Berdasar data pengaduan di KPAI, tahun lalu tercatat 168 kasus kekerasan seksual pada anak. Ada 48 anak yang menjadi korban kasus tersebut.

Kedekatan pelaku dengan korban menjadi hal yang harus diwaspadai anak dan orang tua. Susianah menuturkan, banyak contoh kasus yang menunjukkan bahwa pelaku adalah orang yang sehari-hari dekat dengan si anak. Bukan hanya orang yang punya hubungan keluarga, tapi bisa juga guru. Misalnya kasus pencabulan di Tangerang yang menimpa 41 anak. Pencabulan itu dilakukan oleh seorang guru SD.

“Biasanya karena anak menggantungkan hidupnya kepada pelaku,” imbuh perempuan yang juga ketua Bidang Sosial, Kesehatan, dan Kesejahteraan Keluarga (Soskeskel) Kowani itu.

Susianah mengungkapkan, salah satu cara terbaik untuk melindungi anak dari kekerasan seksual adalah memberikan pengertian yang jelas kepada anak bahwa alat kelamin sangat privat.

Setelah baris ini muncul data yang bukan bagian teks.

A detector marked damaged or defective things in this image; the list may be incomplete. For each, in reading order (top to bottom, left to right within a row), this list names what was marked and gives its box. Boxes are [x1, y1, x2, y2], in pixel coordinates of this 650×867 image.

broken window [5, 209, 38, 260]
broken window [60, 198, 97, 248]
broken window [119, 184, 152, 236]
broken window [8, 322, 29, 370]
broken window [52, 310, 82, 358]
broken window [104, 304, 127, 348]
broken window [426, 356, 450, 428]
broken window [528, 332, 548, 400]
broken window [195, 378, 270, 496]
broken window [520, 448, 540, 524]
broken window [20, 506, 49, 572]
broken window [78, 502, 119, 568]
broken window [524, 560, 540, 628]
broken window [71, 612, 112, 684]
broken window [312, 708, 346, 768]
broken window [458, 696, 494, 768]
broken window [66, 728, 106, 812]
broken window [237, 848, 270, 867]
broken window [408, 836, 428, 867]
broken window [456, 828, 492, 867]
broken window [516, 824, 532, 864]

Tidak boleh sembarangan disentuh orang lain. “Yang boleh menyentuh adalah dia dan ibunya sendiri. Kalau ada orang lain yang menyentuh, harus lapor segera,” ujar dia.

Namun, tidak cukup mudah mengungkap kasus tersebut. Sebab, kendalanya bukan sekadar ancaman dari pelaku. Mereka juga menggunakan bahasa-bahasa simbol atau kiasan yang tidak mudah dimengerti orang pada umumnya. “Anak tak memahami bahasa verbal. Misalnya, (pelaku menyuruh, Red) kalau ditanya orang tua bilang aja main kuda-kudaan,” tambah dia.

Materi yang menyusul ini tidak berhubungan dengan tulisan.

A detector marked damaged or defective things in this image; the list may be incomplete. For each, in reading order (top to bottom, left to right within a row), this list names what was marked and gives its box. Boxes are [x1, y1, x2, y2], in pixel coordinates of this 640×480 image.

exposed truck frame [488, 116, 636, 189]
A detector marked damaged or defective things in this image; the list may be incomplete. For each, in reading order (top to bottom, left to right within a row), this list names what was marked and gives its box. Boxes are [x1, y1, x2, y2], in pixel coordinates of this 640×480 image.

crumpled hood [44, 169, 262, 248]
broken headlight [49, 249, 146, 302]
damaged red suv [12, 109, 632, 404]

Psikolog Adityana Kasandra Putranto menuturkan, kasus kekerasan seksual terhadap anak sebenarnya sudah lama terjadi. Dia mencatat, sejak kasus Babe pada 1992 sampai Emon di Sukabumi, hingga sekarang belum ada tindakan nyata yang solutif untuk menyelesaikan masalah tersebut.

“Semakin ke sini, angka kekerasan justru meningkat, tidak hanya karena fenomena gunung es, tetapi juga karena akses pelaporan yang semakin baik,” ujar dia. Walaupun dari sisi hukum sudah ada perbaikan, dari sisi faktor penyebab dan pemicu tidak cukup dilakukan intervensi.

Dia mengungkapkan, perilaku menyimpang yang berupa kekerasan seksual terhadap anak terbentuk karena beberapa faktor. Terutama terkait dengan fungsi neuropsikologi. Umumnya terkait dengan trauma masa kecil, yakni pernah mengalami hal yang sama.